WHAT TO PRODUCE: Restate the following records word for word without images.

MATERIAL PROVIDED:
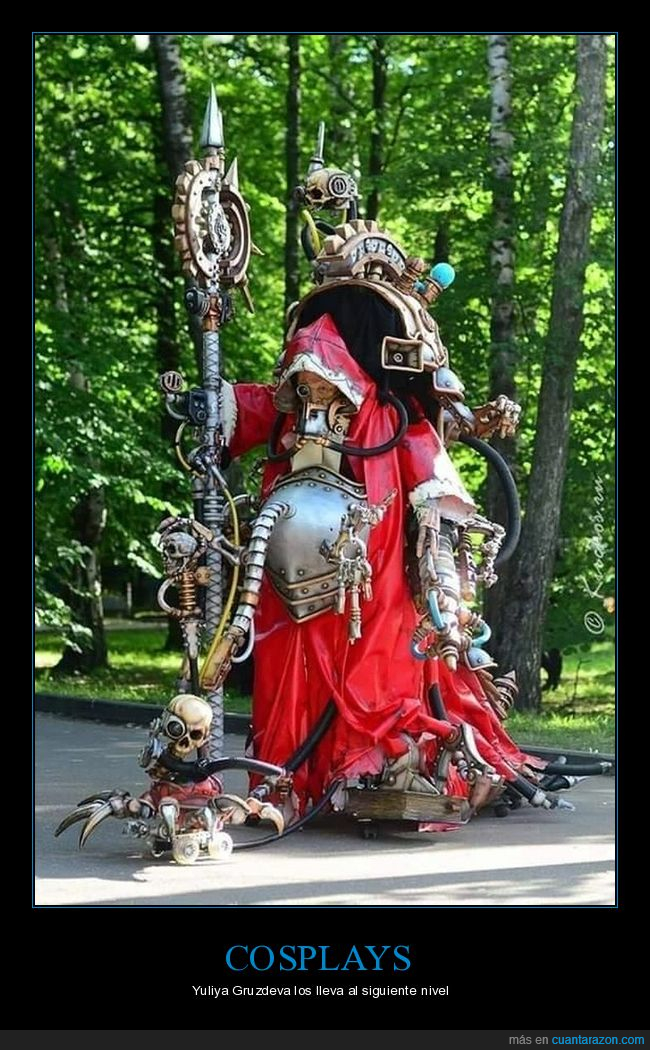 cosplay,warhammer 40000,belisarius cawl,yuliya gruzdeva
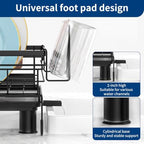 Expandable Dish Drying Rack for Kitchen Counter, Rustproof Sink Dish Drainer with Adjustable Legs & Angled Draining Tray, Space Saving Counter Dish Rack - Image 7
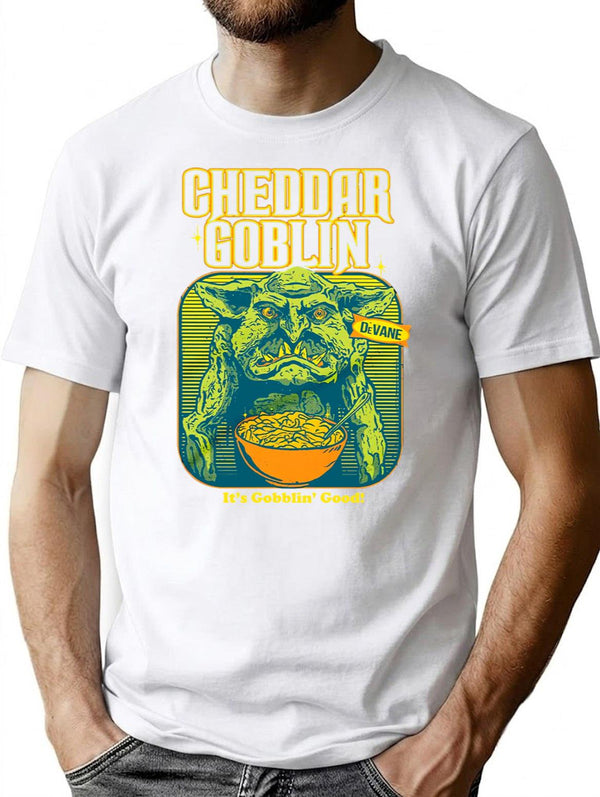 Mandy Cheddar Goblin Premium Heavyweight Cotton T-Shirt - White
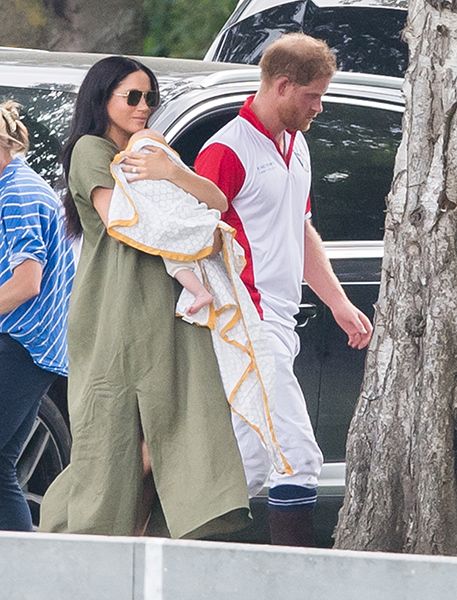 meghan markle holding archie at polo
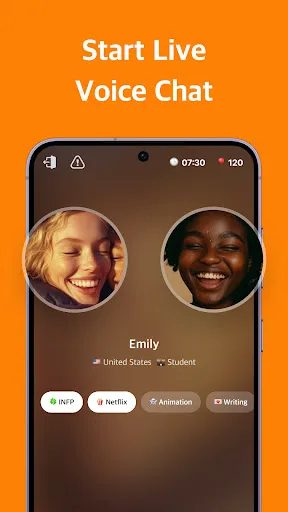 Скриншот 7 — Maum: 1 on 1 Voice Chat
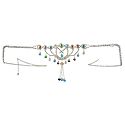 White Stone with Multicolor Bead Kamarband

ANSWER SPACE:
 cosplay,warhammer 40000,belisarius cawl,yuliya gruzdeva
 Expandable Dish Drying Rack for Kitchen Counter, Rustproof Sink Dish Drainer with Adjustable Legs & Angled Draining Tray, Space Saving Counter Dish Rack - Image 7
 Mandy Cheddar Goblin Premium Heavyweight Cotton T-Shirt - White
 meghan markle holding archie at polo
 Скриншот 7 — Maum: 1 on 1 Voice Chat
 White Stone with Multicolor Bead Kamarband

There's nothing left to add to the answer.